■ What is being asked:
Leave out the pictures and print precisely the lines from the line with "RW&Co black shorts" to the final line of the entries, both ends included.

(Extracted records begins)

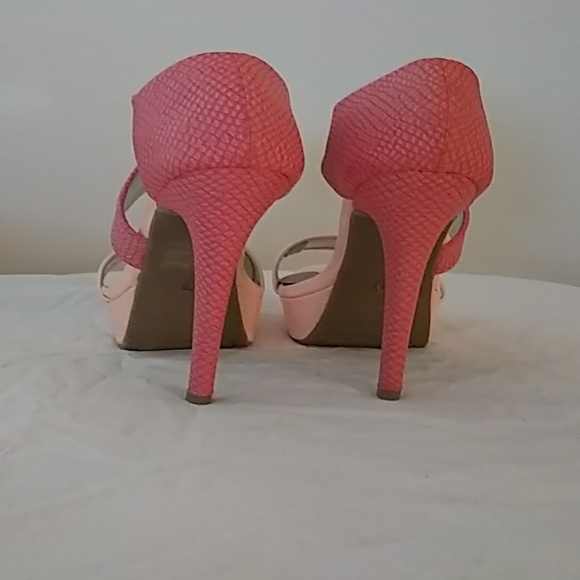 Shoes - Picture 2 of 4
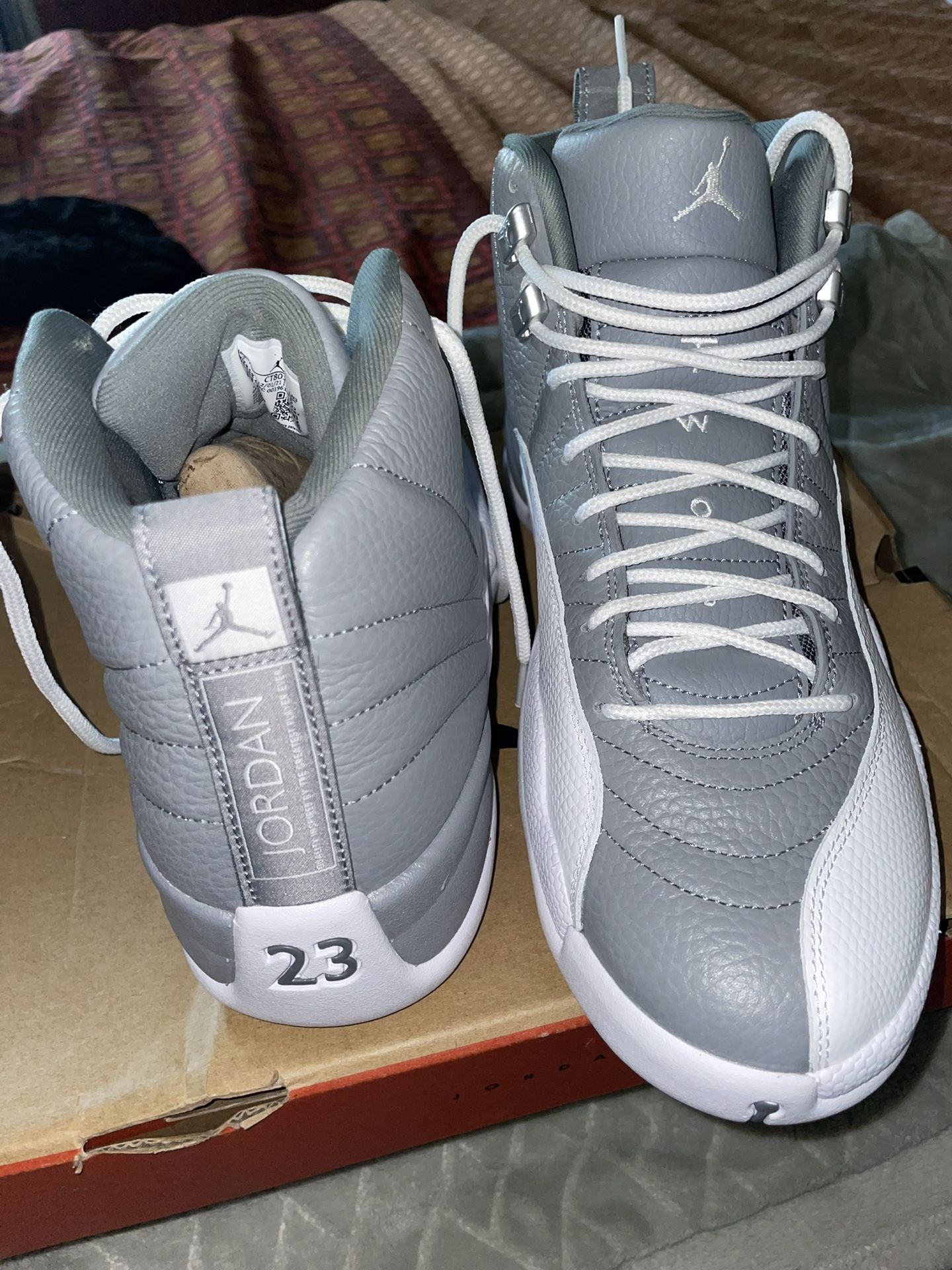Jordan 12’s Retro ‘Stealth’ (Size 11 Men)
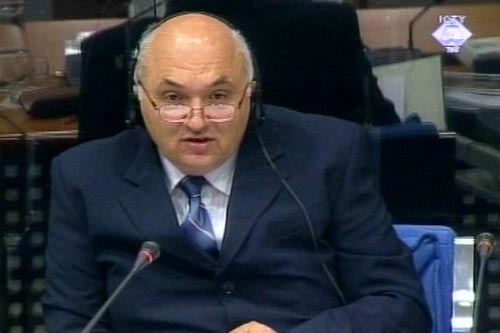 Bogoljub Janičević, svjedok odbrane Miloševića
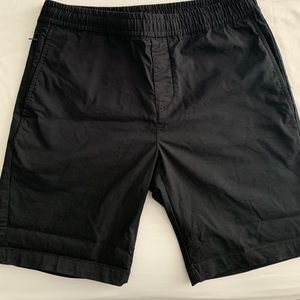 RW&Co black shorts in 29 waist. With extra zipper pocket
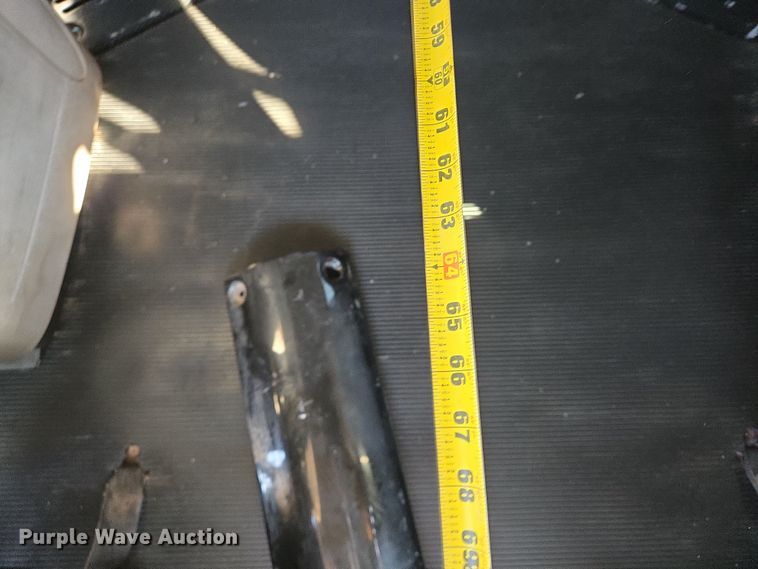 image for item DV1370 2009 Peterbilt 387 semi truck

(Extracted records ends)

■ Solution to the problem:
 RW&Co black shorts in 29 waist. With extra zipper pocket
 image for item DV1370 2009 Peterbilt 387 semi truck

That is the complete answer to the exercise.